Our guides arrived late. A small dog, Danger Pup, arrived to greet them. Danger Pup (sorry, this was my name for him almost instantly because the Navajo teens didn't seem to have assigned one) loved the smell of everyone's shoes. He started biting us, just little play nips. And more nips at clothing hems, fingers, wrists, and other extremeties if you leaned too close. We spent ten minutes of standing around getting those bites. The other two riders, a mother and daughter pair, reached their limit within a minute.

"Can't you keep him away?" the mother asked me, not our guide. The guides had not spoken much and seemed regretful to be awake. They avoided us in favor of their stable.

"I'm trying." I had been feeding the puppy sticks and pieces of straw. He bit them in half and dropped them. If I acted quiet and boring for even an instant, perhaps as I turned my back to look for another stick, he ran off to bite at the mother and daughter.

And he was so cute. He was five pounds of pup covered in a half-pound of red dirt and fleas. But he was so, so fun.

Eventually, though, we got horses. Danger Pup could no longer reach us to administer his teething nibbles. 

Our sighs of relief did not last. The guides, in their quiet, expert way, had equipped us with odd-fitting saddle blankets, saddles, mis-adjusted stirrups, and other apparently careless gear. And our guide thought it was all fine. His companion, who apparently wasn't going with us, strode among the horses, spotted most of the problems, and fixed them. He evened out my stirrups. He tightened the belly strap so the saddle would stop sliding off from under me.

"Are you ready?" our guide said, almost his first words of the morning.

Without waiting for an answer, he turned and rode. I noticed he had no saddle or stirrups. He was good without them. He was a fine enough horseman but, as it turned out, he was not really a guide. He didn't like to talk. His sole job seemed to be to ride in front.

My horse, Trigger, was a pretty calm mount. He was easy to manage. Diane's horse Mack, unfortunately, kept dropping back every time the line of us ambled down a slope, which was often. The trail consisted, mostly, of rocks and slopes. Mack didn't try to make up the distance when we reached an upslope, either, or where the ground was level. He made up the difference, barely, when we stopped and waited. Left to his own devices, Mack would have turned around and headed back home to the stable. Whatever he was thinking, he showed us he was in no hurry to keep up with his herd.
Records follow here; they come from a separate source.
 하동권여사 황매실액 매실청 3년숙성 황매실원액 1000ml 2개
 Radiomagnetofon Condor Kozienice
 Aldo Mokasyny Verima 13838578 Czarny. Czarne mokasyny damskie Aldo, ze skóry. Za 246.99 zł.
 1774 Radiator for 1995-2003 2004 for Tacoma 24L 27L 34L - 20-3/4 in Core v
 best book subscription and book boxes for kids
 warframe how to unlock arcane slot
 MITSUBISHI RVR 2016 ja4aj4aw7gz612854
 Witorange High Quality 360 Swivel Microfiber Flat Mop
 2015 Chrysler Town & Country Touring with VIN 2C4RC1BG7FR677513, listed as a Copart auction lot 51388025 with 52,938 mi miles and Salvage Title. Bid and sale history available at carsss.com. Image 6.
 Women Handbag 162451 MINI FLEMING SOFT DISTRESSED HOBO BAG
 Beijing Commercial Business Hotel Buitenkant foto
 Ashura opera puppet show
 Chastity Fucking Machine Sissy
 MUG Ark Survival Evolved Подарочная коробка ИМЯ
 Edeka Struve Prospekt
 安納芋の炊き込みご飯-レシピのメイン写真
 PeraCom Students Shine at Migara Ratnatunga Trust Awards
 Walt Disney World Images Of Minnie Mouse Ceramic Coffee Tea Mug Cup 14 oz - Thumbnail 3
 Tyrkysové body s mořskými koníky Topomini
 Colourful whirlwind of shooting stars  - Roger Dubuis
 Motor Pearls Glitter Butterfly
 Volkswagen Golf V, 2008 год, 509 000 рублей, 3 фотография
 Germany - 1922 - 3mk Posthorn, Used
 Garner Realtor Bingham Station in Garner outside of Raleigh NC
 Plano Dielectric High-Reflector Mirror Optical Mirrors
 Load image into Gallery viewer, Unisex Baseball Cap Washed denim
After an hour, the horse strap holding my saddle in place on Trigger had slipped loose again. I'd thought our guide was good at riding bareback but I was a bit dismayed to find myself doing essentially the same. Half my attention went to keeping the saddle on top of the horse. 

When we halted, our guide noticed my problem. Like his friend, he tried to adjust the tack. Unlike his friend back at the stable, though, he didn't notice that he hadn't tightened the band. He had, apparently by accident, adjusted the stirrups, which had been fine, and made my left leg position shorter than my right. 

Every horse tour nowadays says the same thing: please don't get off the horse. I wanted to dismount. 

I resisted the urge, barely, though I had an uncomfortable ride the rest of the way. The saddle kept falling to the left. Often, I had to stand up in the uneven stirrups and adjust the saddle so it didn't pull me off the horse. Meanwhile, Mack made Diane drop further back behind the group. Nothing seemed to make him speed up for her. I took my feet out of Trigger's stirrups for a while. However, the saddle threatened to slip all the way down to the horse's belly and take me with it, so I gave that up and stood in the stirrups for about a quarter of the return trip.

Between Diane coaxing Mack and me pulling the saddle into position on Trigger, we were exasperated by the end. 

"That might be the least amount of guidance we've ever gotten from a guide," Diane remarked after we dismounted. 

I sympathized with our teenage Navajo leader but I couldn't disagree with Diane's assessment. We retreated to a Navajo cafe for lunch. Afterwards, to establish a better rhythm in the day, we drove to Mexican Hat Rock.